January 26, 2023 1 min read

Pinecone Vector Database: Getting Started Guide

Pinecone Vector Database Embeddings AI Azure OpenAI

Pinecone is a fully managed vector database designed for machine learning applications. It’s one of the simplest ways to get started with vector search at scale. Let’s explore how to use Pinecone with Azure OpenAI embeddings.

Getting Started

pip install pinecone-client openai

import pinecone
import openai
from typing import List, Dict, Any

# Initialize Pinecone
pinecone.init(
    api_key="your-pinecone-api-key",
    environment="us-west1-gcp"  # Or your environment
)

# Configure Azure OpenAI
openai.api_type = "azure"
openai.api_base = "https://your-resource.openai.azure.com/"
openai.api_version = "2023-03-15-preview"
openai.api_key = "your-azure-key"

Creating an Index

# Create index for OpenAI embeddings (1536 dimensions)
index_name = "azure-openai-docs"

# Check if index exists
if index_name not in pinecone.list_indexes():
    pinecone.create_index(
        name=index_name,
        dimension=1536,
        metric="cosine",
        pods=1,
        pod_type="p1.x1"  # Starter pod type
    )

# Connect to index
index = pinecone.Index(index_name)

# Check index stats
print(index.describe_index_stats())

Upserting Vectors

from dataclasses import dataclass
from typing import Optional
import hashlib

@dataclass
class Document:
    id: str
    text: str
    metadata: Dict[str, Any]

def get_embedding(text: str) -> List[float]:
    """Get embedding from Azure OpenAI."""
    response = openai.Embedding.create(
        engine="text-embedding-ada-002",
        input=text
    )
    return response['data'][0]['embedding']

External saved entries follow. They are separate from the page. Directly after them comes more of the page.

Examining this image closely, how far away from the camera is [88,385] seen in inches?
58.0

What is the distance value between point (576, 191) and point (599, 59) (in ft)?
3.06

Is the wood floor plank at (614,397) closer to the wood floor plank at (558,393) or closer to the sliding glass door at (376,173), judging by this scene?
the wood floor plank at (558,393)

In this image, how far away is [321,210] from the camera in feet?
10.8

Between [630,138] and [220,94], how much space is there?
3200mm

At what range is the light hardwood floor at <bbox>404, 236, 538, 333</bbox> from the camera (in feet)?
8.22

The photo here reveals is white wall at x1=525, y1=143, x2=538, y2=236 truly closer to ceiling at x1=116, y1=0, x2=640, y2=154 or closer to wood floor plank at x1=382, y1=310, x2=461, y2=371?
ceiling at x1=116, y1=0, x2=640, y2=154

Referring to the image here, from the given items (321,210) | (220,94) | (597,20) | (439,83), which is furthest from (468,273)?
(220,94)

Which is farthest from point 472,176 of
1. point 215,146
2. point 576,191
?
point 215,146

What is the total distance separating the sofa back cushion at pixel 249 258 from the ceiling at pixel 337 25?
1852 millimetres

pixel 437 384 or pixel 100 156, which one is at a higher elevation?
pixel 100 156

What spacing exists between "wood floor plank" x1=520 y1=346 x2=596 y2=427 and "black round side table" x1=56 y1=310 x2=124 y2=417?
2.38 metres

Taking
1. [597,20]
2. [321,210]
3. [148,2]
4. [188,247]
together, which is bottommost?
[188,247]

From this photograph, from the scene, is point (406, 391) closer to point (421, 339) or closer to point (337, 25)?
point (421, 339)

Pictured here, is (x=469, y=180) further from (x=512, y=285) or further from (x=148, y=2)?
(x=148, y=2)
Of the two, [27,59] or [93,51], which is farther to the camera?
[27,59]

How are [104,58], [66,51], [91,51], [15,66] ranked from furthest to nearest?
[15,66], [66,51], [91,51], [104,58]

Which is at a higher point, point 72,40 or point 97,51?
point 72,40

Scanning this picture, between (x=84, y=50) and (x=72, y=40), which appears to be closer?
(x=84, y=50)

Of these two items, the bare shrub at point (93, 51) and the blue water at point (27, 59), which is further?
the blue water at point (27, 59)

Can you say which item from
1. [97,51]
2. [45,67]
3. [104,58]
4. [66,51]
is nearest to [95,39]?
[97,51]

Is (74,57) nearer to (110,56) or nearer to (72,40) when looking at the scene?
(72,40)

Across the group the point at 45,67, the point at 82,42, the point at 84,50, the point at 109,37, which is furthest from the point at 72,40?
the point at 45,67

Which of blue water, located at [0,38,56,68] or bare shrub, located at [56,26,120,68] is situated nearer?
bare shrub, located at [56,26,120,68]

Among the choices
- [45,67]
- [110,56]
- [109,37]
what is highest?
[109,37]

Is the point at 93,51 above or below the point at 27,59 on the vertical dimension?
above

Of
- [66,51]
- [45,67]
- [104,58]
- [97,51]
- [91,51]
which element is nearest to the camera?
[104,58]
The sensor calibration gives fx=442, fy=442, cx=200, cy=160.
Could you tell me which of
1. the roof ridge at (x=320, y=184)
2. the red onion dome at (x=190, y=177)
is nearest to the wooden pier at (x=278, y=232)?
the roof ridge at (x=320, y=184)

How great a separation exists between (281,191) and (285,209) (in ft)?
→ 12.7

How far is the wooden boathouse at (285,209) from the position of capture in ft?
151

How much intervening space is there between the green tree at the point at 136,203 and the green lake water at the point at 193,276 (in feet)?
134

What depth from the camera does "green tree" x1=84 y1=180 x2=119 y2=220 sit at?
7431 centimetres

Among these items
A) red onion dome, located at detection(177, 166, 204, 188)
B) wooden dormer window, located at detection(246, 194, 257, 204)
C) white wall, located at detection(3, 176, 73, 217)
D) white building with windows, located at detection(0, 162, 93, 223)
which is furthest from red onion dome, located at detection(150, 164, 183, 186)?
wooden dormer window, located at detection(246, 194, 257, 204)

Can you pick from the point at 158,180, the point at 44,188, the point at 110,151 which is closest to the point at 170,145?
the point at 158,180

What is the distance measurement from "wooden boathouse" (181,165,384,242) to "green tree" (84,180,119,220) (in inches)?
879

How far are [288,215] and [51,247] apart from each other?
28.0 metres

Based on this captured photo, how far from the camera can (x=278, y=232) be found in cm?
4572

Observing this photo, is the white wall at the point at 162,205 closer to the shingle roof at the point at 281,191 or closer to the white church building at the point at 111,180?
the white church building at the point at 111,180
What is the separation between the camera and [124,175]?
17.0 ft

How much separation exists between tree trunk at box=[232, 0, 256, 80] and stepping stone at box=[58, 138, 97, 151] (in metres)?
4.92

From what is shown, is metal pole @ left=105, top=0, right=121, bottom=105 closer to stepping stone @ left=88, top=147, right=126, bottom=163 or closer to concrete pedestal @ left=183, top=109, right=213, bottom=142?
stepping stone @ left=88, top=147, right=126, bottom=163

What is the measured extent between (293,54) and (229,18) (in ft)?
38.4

def upsert_documents(index, documents: List[Document], batch_size: int = 100):
    """Upsert documents to Pinecone."""
    vectors = []

    for doc in documents:
        embedding = get_embedding(doc.text)
        vectors.append({
            "id": doc.id,
            "values": embedding,
            "metadata": {
                **doc.metadata,
                "text": doc.text[:1000]  # Store truncated text in metadata
            }
        })

        # Batch upsert
        if len(vectors) >= batch_size:
            index.upsert(vectors=vectors)
            vectors = []

    # Upsert remaining
    if vectors:
        index.upsert(vectors=vectors)

# Example usage
documents = [
    Document(
        id="doc1",
        text="Azure Virtual Machines provide scalable computing resources",
        metadata={"category": "compute", "service": "VM"}
    ),
    Document(
        id="doc2",
        text="Azure Functions is a serverless compute service",
        metadata={"category": "compute", "service": "Functions"}
    ),
    Document(
        id="doc3",
        text="Azure Cosmos DB is a globally distributed database",
        metadata={"category": "database", "service": "CosmosDB"}
    )
]

upsert_documents(index, documents)

Querying

def search(
    index,
    query: str,
    top_k: int = 5,
    filter: Optional[Dict] = None,
    include_metadata: bool = True
) -> List[Dict]:
    """Search for similar documents."""
    query_embedding = get_embedding(query)

    results = index.query(
        vector=query_embedding,
        top_k=top_k,
        filter=filter,
        include_metadata=include_metadata
    )

    return [
        {
            "id": match.id,
            "score": match.score,
            "metadata": match.metadata
        }
        for match in results.matches
    ]

# Simple search
results = search(index, "serverless computing")
for r in results:
    print(f"[{r['score']:.4f}] {r['metadata'].get('text', '')[:60]}...")

# Search with filter
compute_results = search(
    index,
    "database for high throughput",
    filter={"category": {"$eq": "database"}}
)

Advanced Filtering

# Pinecone supports various filter operators

# Equality
filter = {"category": {"$eq": "compute"}}

# In list
filter = {"service": {"$in": ["VM", "Functions", "AKS"]}}

# Numeric comparison
filter = {"year": {"$gte": 2020}}

# Combined filters (AND)
filter = {
    "category": {"$eq": "compute"},
    "year": {"$gte": 2022}
}

# Combined filters (OR) using $or
filter = {
    "$or": [
        {"category": {"$eq": "compute"}},
        {"category": {"$eq": "database"}}
    ]
}

# NOT operator
filter = {"category": {"$ne": "networking"}}

# Example search with complex filter
results = index.query(
    vector=get_embedding("cloud infrastructure"),
    top_k=10,
    filter={
        "$and": [
            {"category": {"$in": ["compute", "storage"]}},
            {"year": {"$gte": 2021}}
        ]
    },
    include_metadata=True
)

Namespaces

# Use namespaces to organize data
# Each namespace is isolated - searches only return results from the queried namespace

# Upsert to specific namespace
index.upsert(
    vectors=[
        {"id": "doc1", "values": [0.1] * 1536, "metadata": {"text": "..."}}
    ],
    namespace="production"
)

# Query specific namespace
results = index.query(
    vector=[0.1] * 1536,
    top_k=5,
    namespace="production"
)

# Delete from namespace
index.delete(ids=["doc1"], namespace="production")

# Delete entire namespace
index.delete(delete_all=True, namespace="staging")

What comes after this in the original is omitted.